Translator Model Documentation
1. Model Overview
The translator model is a sequence-to-sequence model that is designed to translate text from one language to another. It is based on the MarianMT architecture from Hugging Face and has been fine-tuned for Swahili–English domain-specific translation.
The script (translation.py
) supports training, evaluation, and experiment tracking via MLflow.
2. Model Details
- Model Architecture: The model is based on the MarianMT architecture.
- Training Data: The model is fine-tuned on a custom Swahili–English dataset, loaded through the Hugging Face
datasets
library. - Frameworks: PyTorch, Hugging Face Transformers, Datasets, and Evaluate.
- Experiment Tracking: MLflow is used to log training parameters, metrics, and artifacts.
3. Training Pipeline
3.1. Configuration
The script requires a JSON configuration file. Example:
json
{
"language_pair": "en-sw",
"train_file": "data/train.json",
"validation_file": "data/val.json",
"test_file": "data/test.json",
"source_lang": "en",
"target_lang": "sw",
"num_train_epochs": 5,
"per_device_train_batch_size": 16,
"per_device_eval_batch_size": 16,
"learning_rate": 5e-5
}
3.2. Running Training
bash
python translation.py --config config.json
This will:
- Load the dataset and tokenizer.
- Fine-tune the MarianMT model.
- Log metrics and hyperparameters in MLflow.

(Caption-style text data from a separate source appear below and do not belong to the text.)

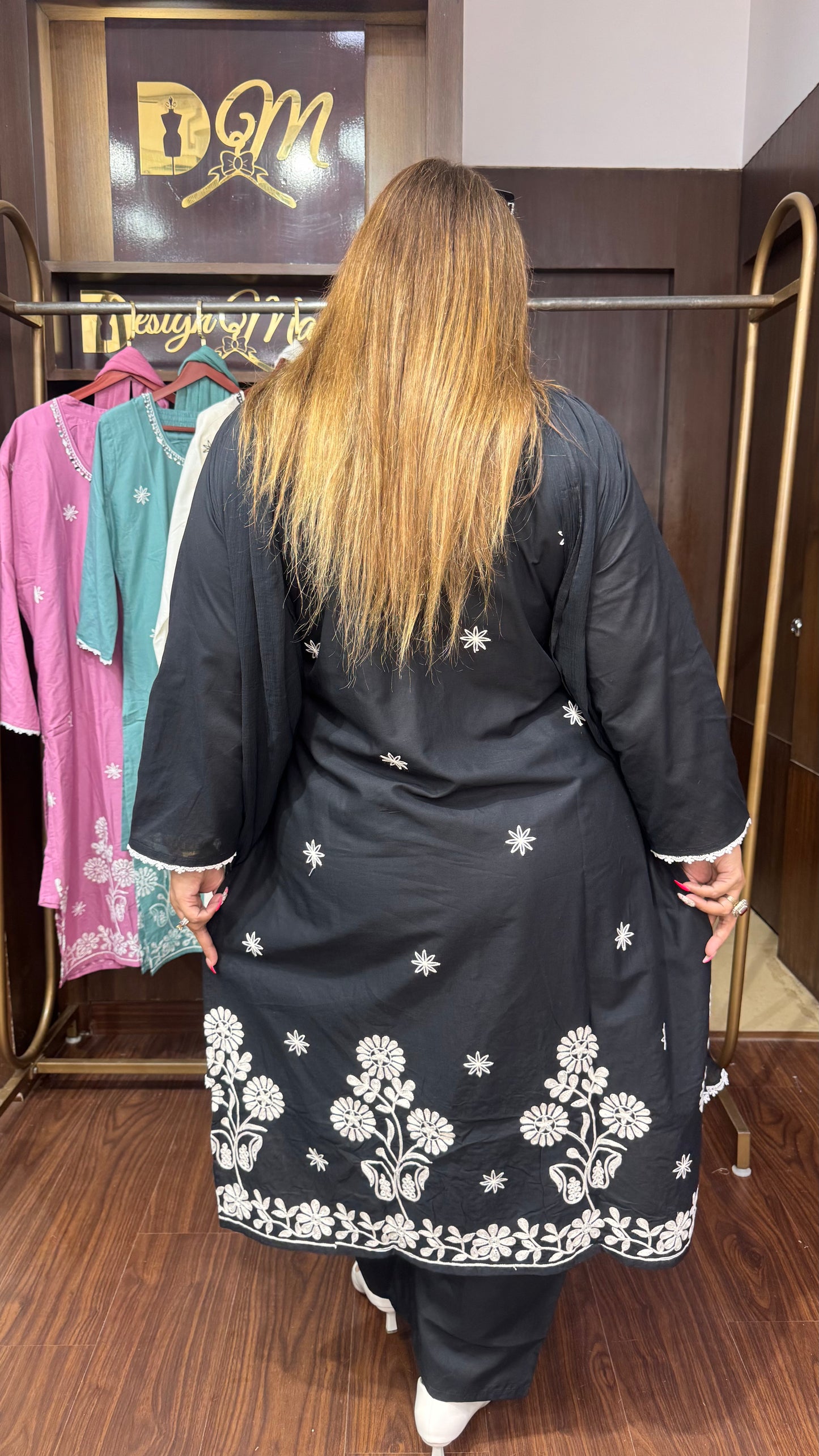 Gulrida (Cotton Suit)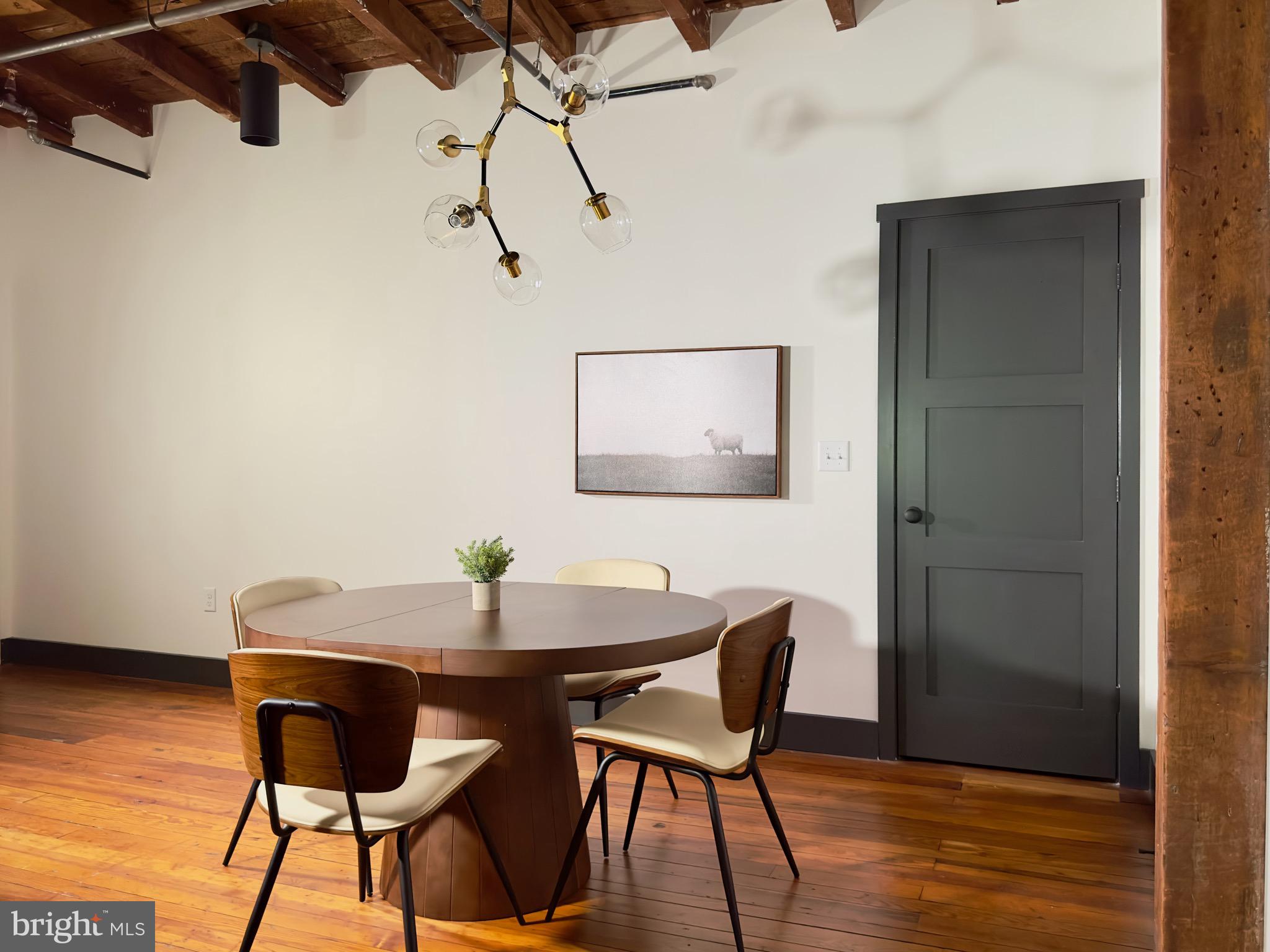 CHESTNUT HILL - Residential Lease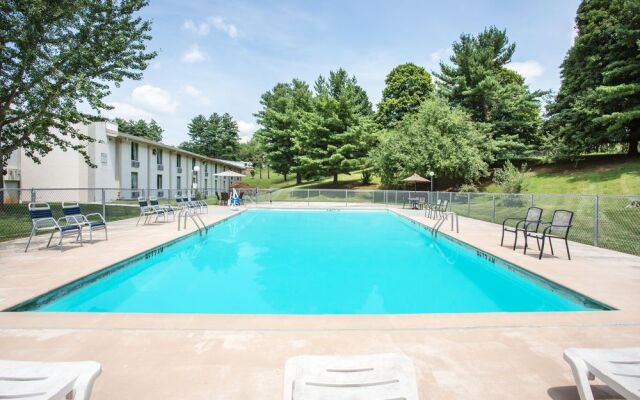 Super 8 Daleville/Roanoke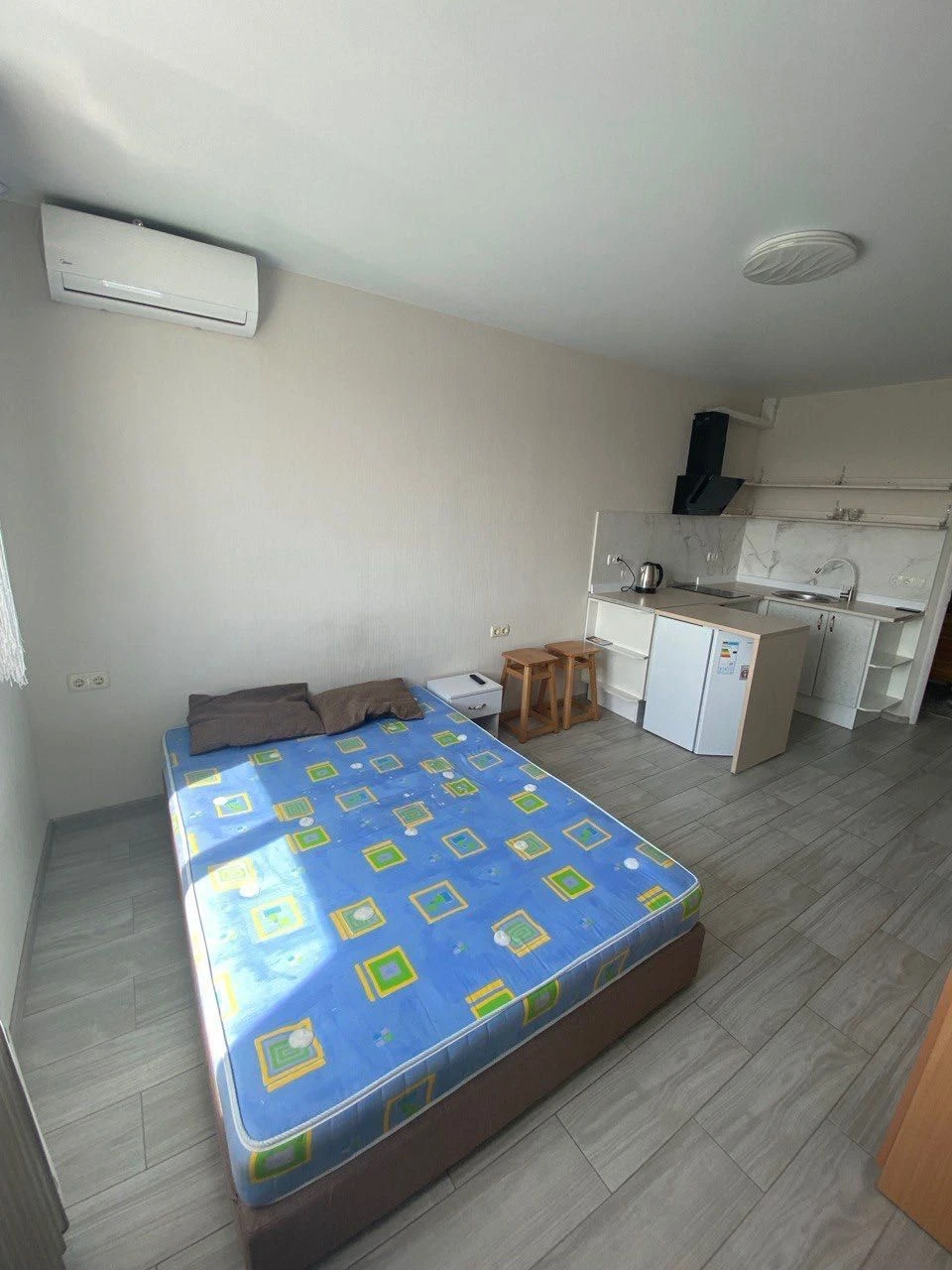 Sale of smart apartment with furniture and appliances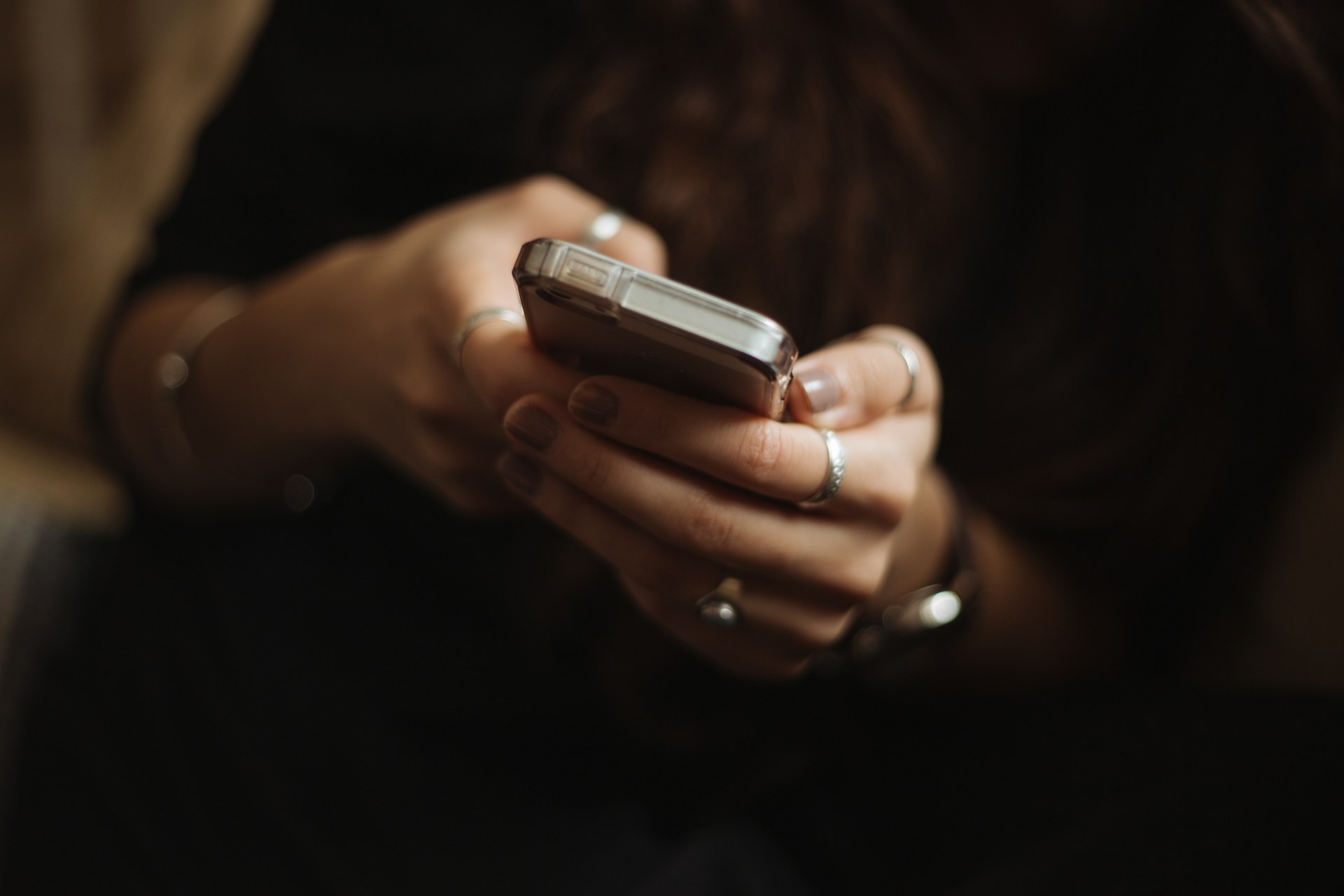Guía práctica para no perder el celular y dejar de perder el tiempo frente a la pantalla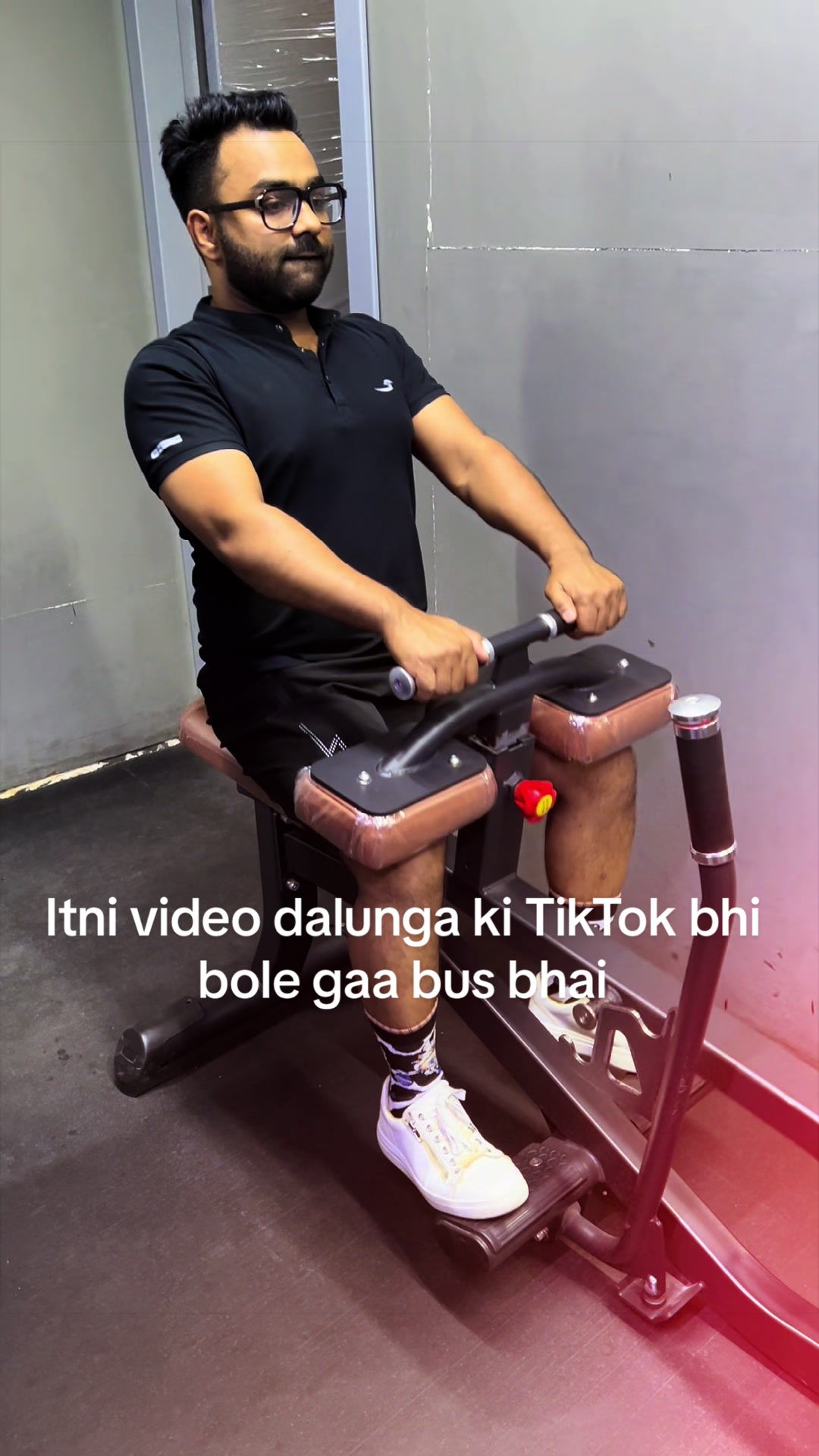 @SAHIL94🇰🇼🧡😎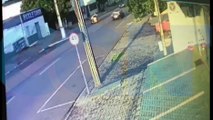 Vídeo: Após forte impacto com carro, catador de recicláveis é arremessado à calçada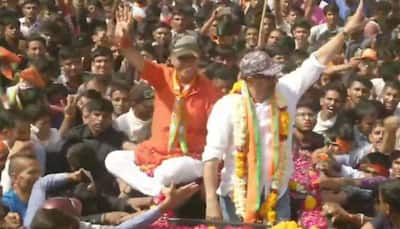 As Sunny Deol campaigns for BJP in Barmer, 'Gadar' dialogues being played in background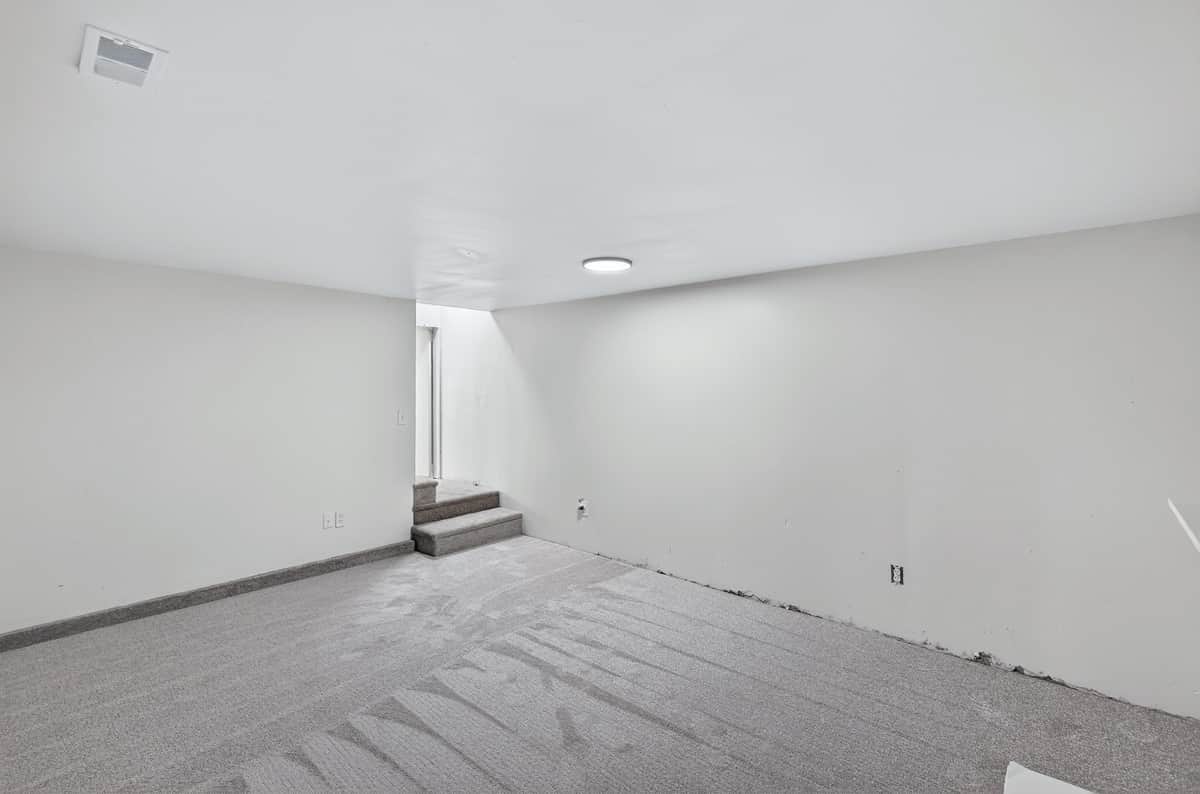 2520 N Rebecca St thumbnail 24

- Save the trained model to
./models/finetuned-<lang-pair>/
.
4. Request Format
Since this is a training script, the request format is the configuration file passed to the program. Each language being trained has a seperate configuration file.
Example:
json
{
"language_pair": "en-sw",
"train_file": "data/train.json"
}
5. Response Format
The script produces:
json
{
"metrics": {
"train_loss": "...",
"eval_loss": "...",
"chrf_scroe": "...",
"bleu_score": "..."
},
"artifacts": {
"saved_model": "./models/finetuned-en-sw",
"mlflow_experiment": "translation-en-sw"
}
}
6. Example Usage
python
from transformers import MarianMTModel, MarianTokenizer
model_name = "./models/finetuned-en-sw"
tokenizer = MarianTokenizer.from_pretrained(model_name)
model = MarianMTModel.from_pretrained(model_name)
text = ["Watoto wanahitaji msaada."]
inputs = tokenizer(text, return_tensors="pt", padding=True)
translated = model.generate(**inputs)
print(tokenizer.decode(translated[0], skip_special_tokens=True))
Output:
"Children need help."
7. Error Handling
- If the configuration file is missing, a
FileNotFoundError
will be raised. - If the dataset path is invalid, loading will fail with an error.
- If the model cannot be saved or loaded, an exception will be thrown and logged.